Image-text web data
◇ ◇ ◇
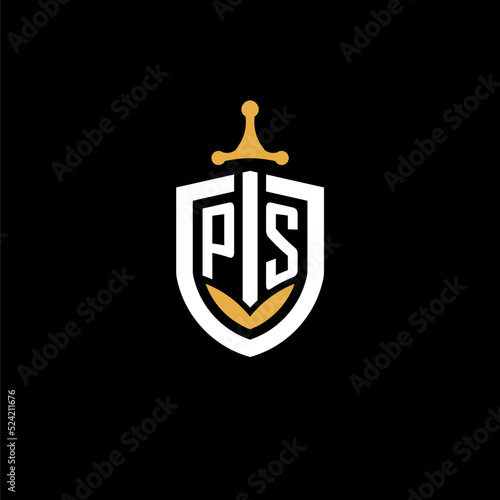 Creative letter PS logo gaming esport with shield and sword design ideas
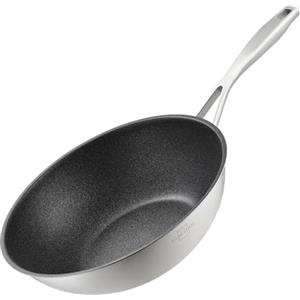 SILBERTHAL Padella wok antiaderente 28 cm - Acciaio inox senza PFOA - Saltapasta induzione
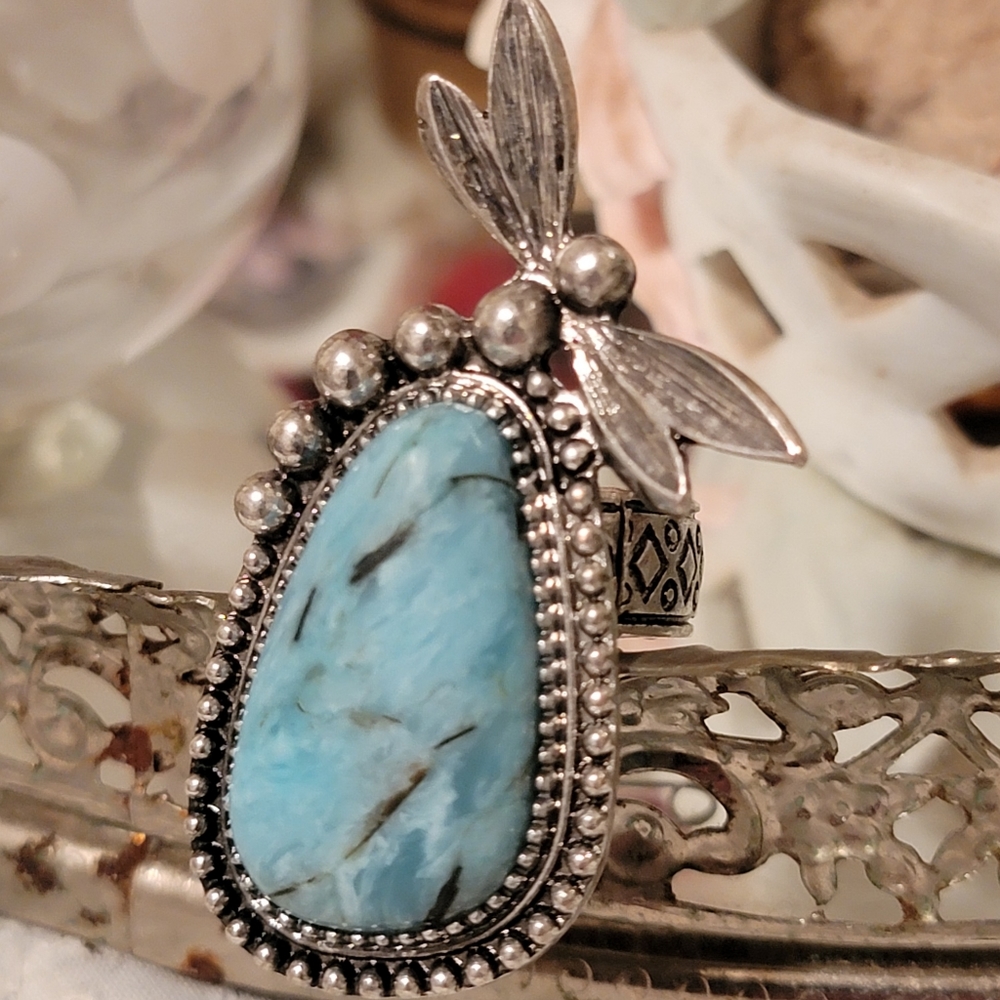 Dragonfly Faux Turquoise beaded stone Boho hippie South western ring NWT - Picture 12 of 15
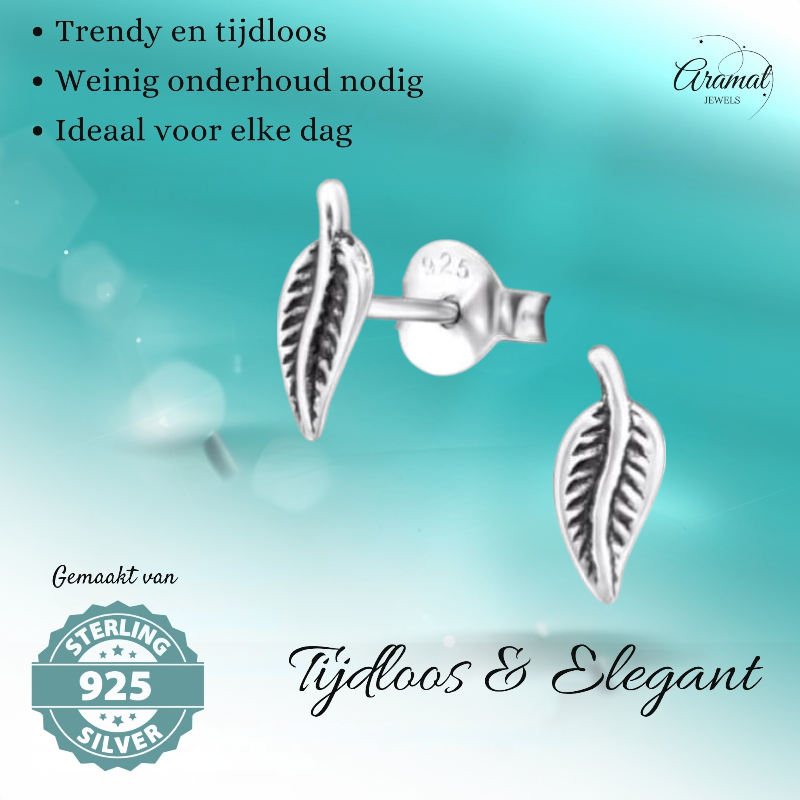Zilveren Blaadje Oorbellen Antieklook – 9x3mm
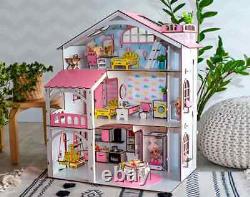 DIY wooden dollhouse with elevator, doll cottage house DIY kit for Lol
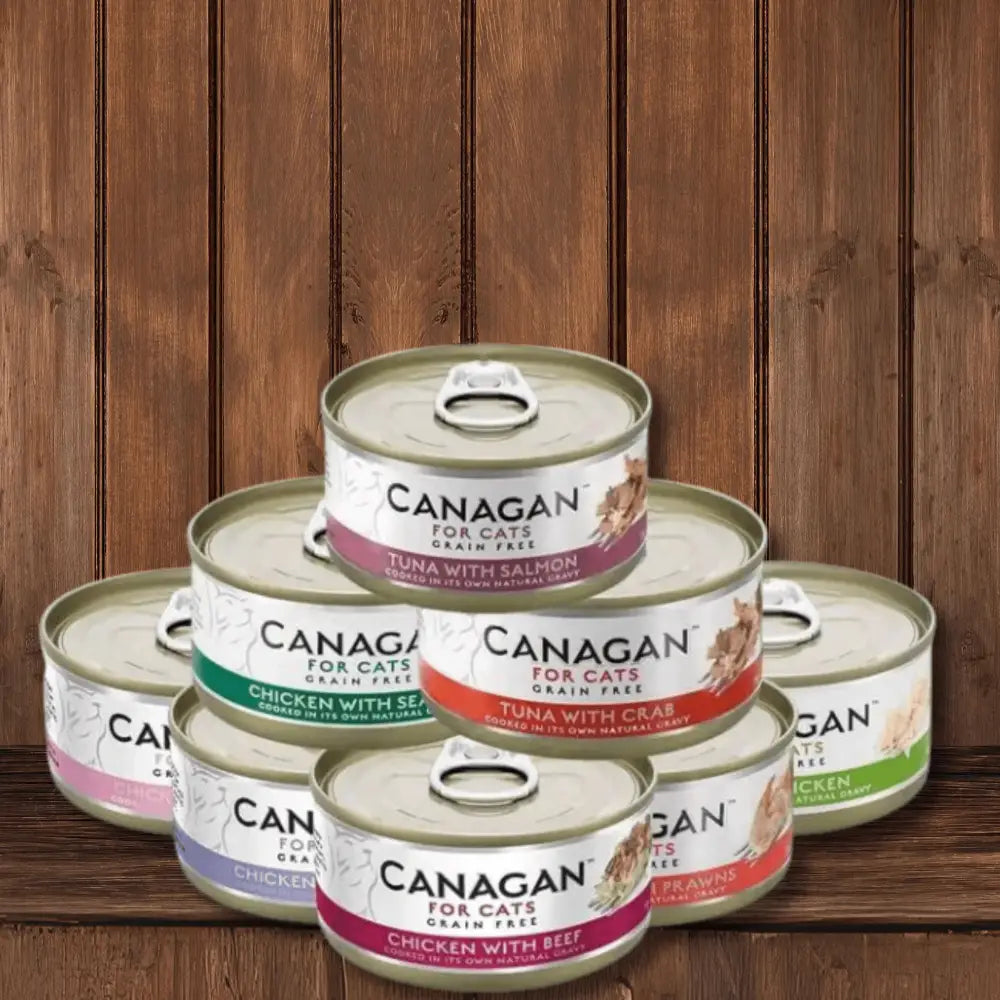 Canagan cat 75g cans in variety pack flavors and colors
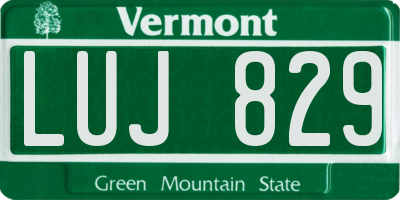 VT license plate LUJ829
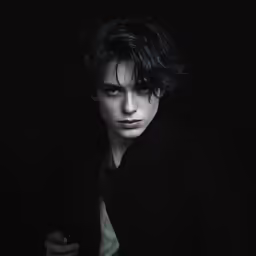 a creepy young woman with long dark hair wearing a black jacket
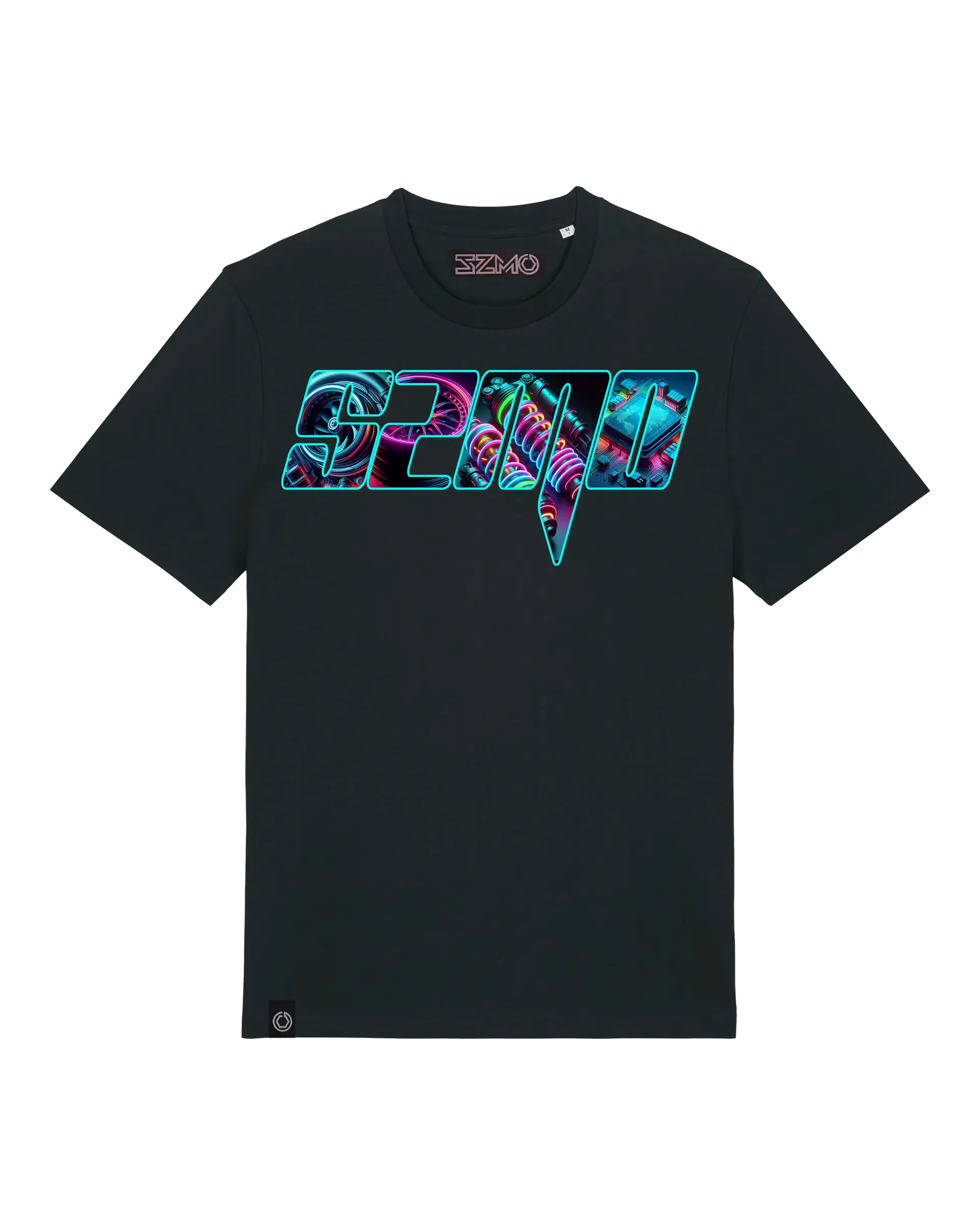 SZMO Neon Logo T-Shirt Schwarz leuchtender Print Vorderansicht Detail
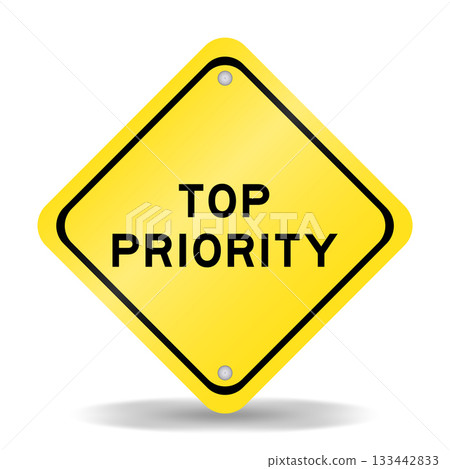 Yellow color transportation sign with word top priority on white background Yellow color transportation sign with word top priority on white background 133442833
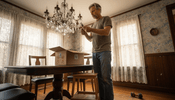 Homeowner repairing loose chandelier crystal prism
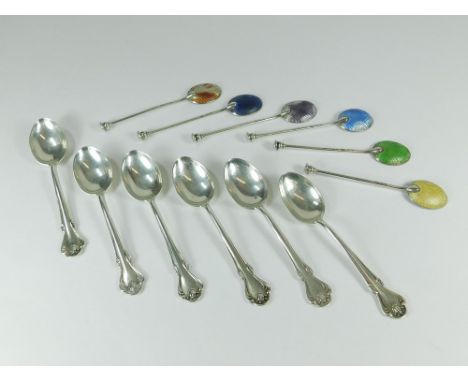 SILVER SPOONS. A set of Peruvian silver coffee spoons, stamped Industria Peruana 925 Camusso. Also, a set of six seal top dem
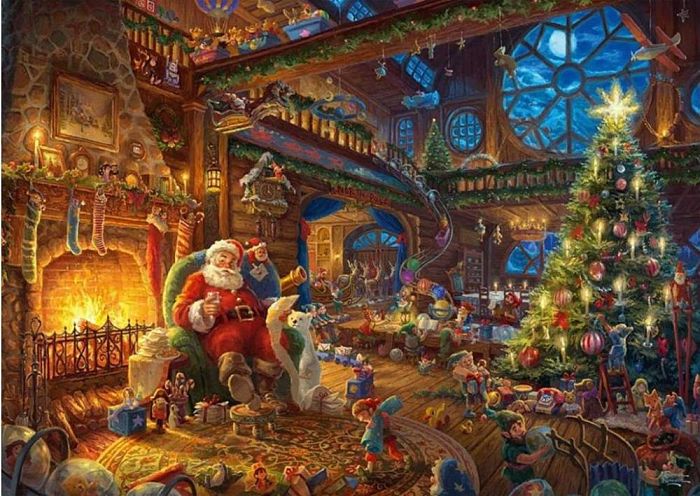 Пазл Schmidt 1000 деталей: Санта Клаус и эльфы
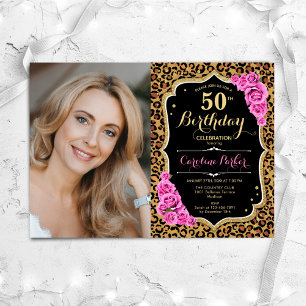Leopard Print Black Guld Rosa Photo 50:e födelseda Inbjudningar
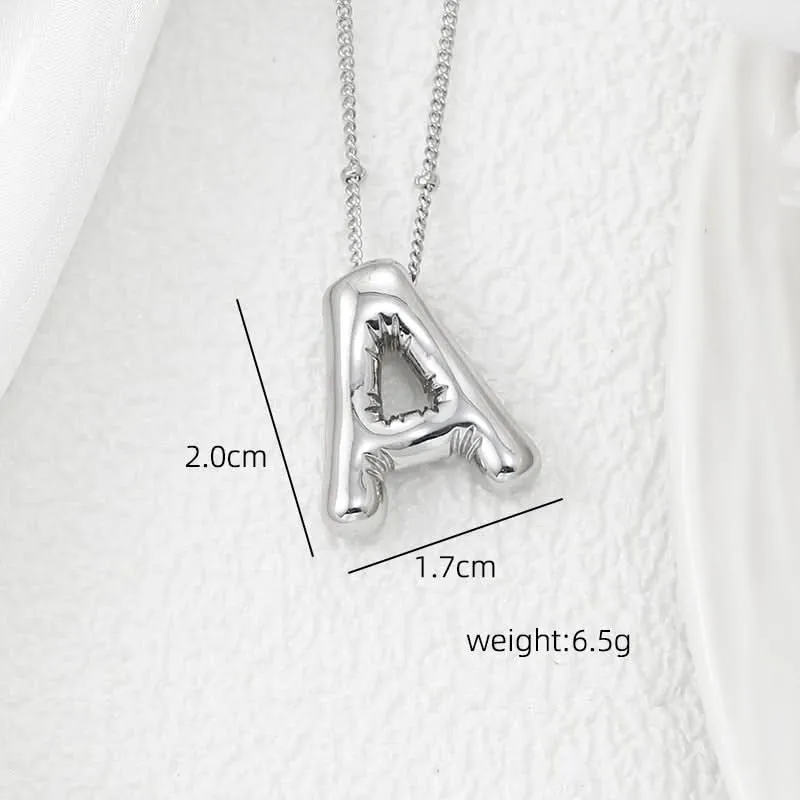 Silver-Plated Alphabet Pendant Necklace – Hip-Hop Style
◇ ◇ ◇
• _Assigned task_
Find the line containing "Zilveren Blaadje Oorbellen Antieklook – 9x3mm" in the records above and restate it, and each line after it through the end, word for word, dropping the pictures.

• _Expected output_
Zilveren Blaadje Oorbellen Antieklook – 9x3mm
 DIY wooden dollhouse with elevator, doll cottage house DIY kit for Lol
 Canagan cat 75g cans in variety pack flavors and colors
 VT license plate LUJ829
 a creepy young woman with long dark hair wearing a black jacket
 SZMO Neon Logo T-Shirt Schwarz leuchtender Print Vorderansicht Detail
 Yellow color transportation sign with word top priority on white background Yellow color transportation sign with word top priority on white background 133442833
 Homeowner repairing loose chandelier crystal prism
 SILVER SPOONS. A set of Peruvian silver coffee spoons, stamped Industria Peruana 925 Camusso. Also, a set of six seal top dem
 Пазл Schmidt 1000 деталей: Санта Клаус и эльфы
Leopard Print Black Guld Rosa Photo 50:e födelseda Inbjudningar
 Silver-Plated Alphabet Pendant Necklace – Hip-Hop Style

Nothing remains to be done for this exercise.